Brian Sullivan, team leader at Google Earth Engine, said that the new partnership fits well with Google’s efforts to organize the world’s information and make it universally accessible and useful, a mission, he said, related closely to the Sustainable Development Goals agenda.

 “This is a tool that we are making freely available for all non-commercial use because we feel this is a critical environmental stage and we want everyone to have the same access to Google’s computing resources to advance these goals,” he said. “We have well over 11 million images, 200 plus public datasets and we are constantly adding new ones… and the idea is that anyone with access to an Internet connection can access all this data.”

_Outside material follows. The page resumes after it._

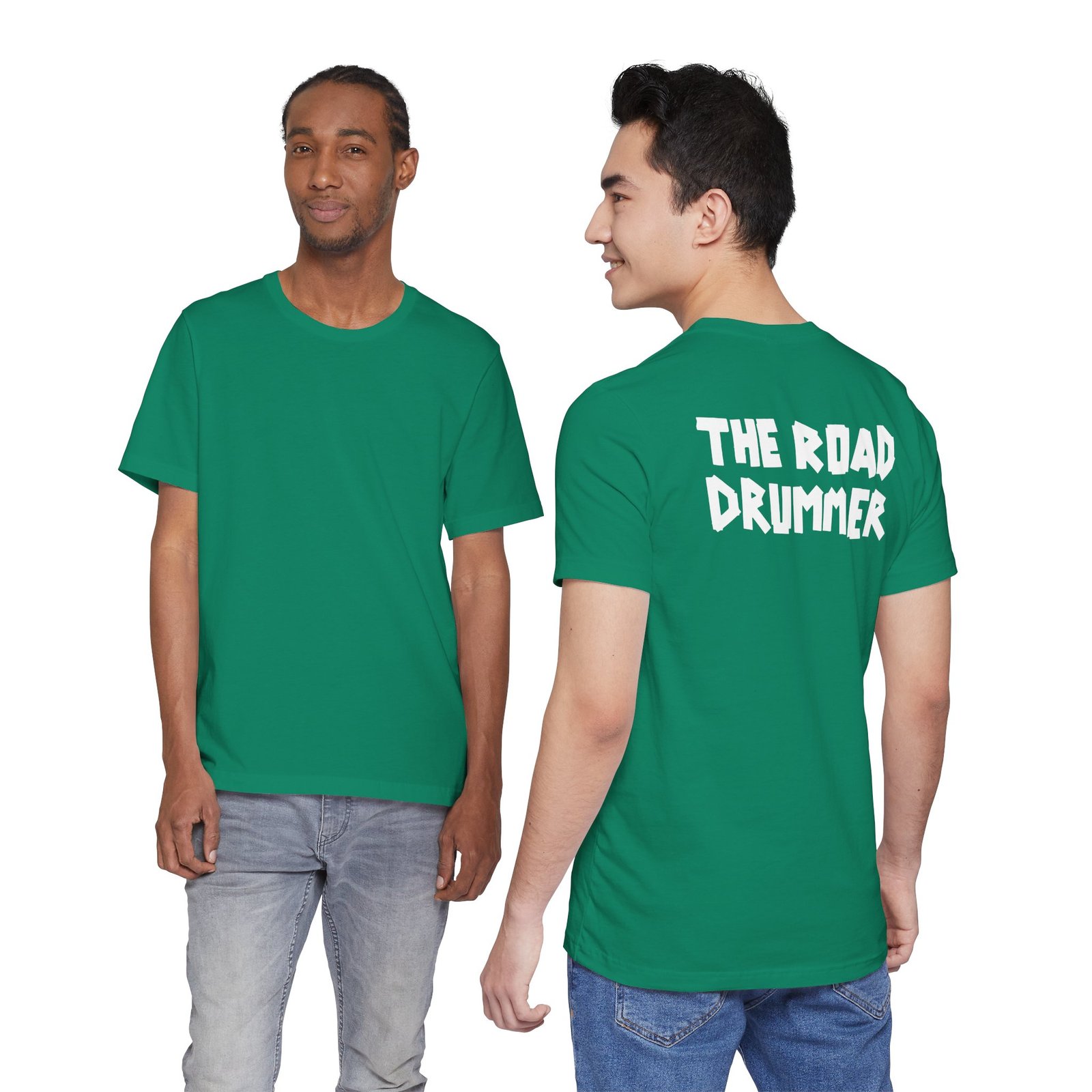Electrical Tape Name BACK - The Road Drummer Logo T-Shirt - Image 55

 The new platform uses a data mining algorithm—Global Surface Water Explorer—developed by the European Commission Joint Research Centre. Andreas Brink, the senior scientist at the centre, told the forum it would support more informed decision-making.“Water is changing all the time. It is highly dynamic. For decision makers, it is of vital importance to know where water is… in a regular, consistent way,” he said. “But to understand the situation today, we have to look in the past. Monitoring from the past to the current situation is critical.”

 By providing satellite images accompanied by downloadable statistical data and trend analysis, the platform can help the Member States understand changes occurring in the spatial extent of open water bodies; identify new or lost water bodies, and identify where changes are happening to seasonal water bodies. It is hoped to expand the project to air quality and oceans, among other sustainable development topics, in the future. 

UN Environment’s Campbell said the app could have very practical results at the community level. “It’s also a flagging system. You can identify where there may be a problem, then someone needs to do more research… and this is where we need community engagement to say, ‘here’s what it looks like, here’s how it’s affecting us’.”


Our assessment is that critical data gaps in the environment can make it difficult to draft effective policies. We feel that with reliable, consistent and comparable data, nations can implement real-time environmental action. Informed decisions can be made on water bodies which are conducive for cross country collaboration.  We believe that this project will shift the way that water resources are managed, in turn reducing the loss of biodiversity.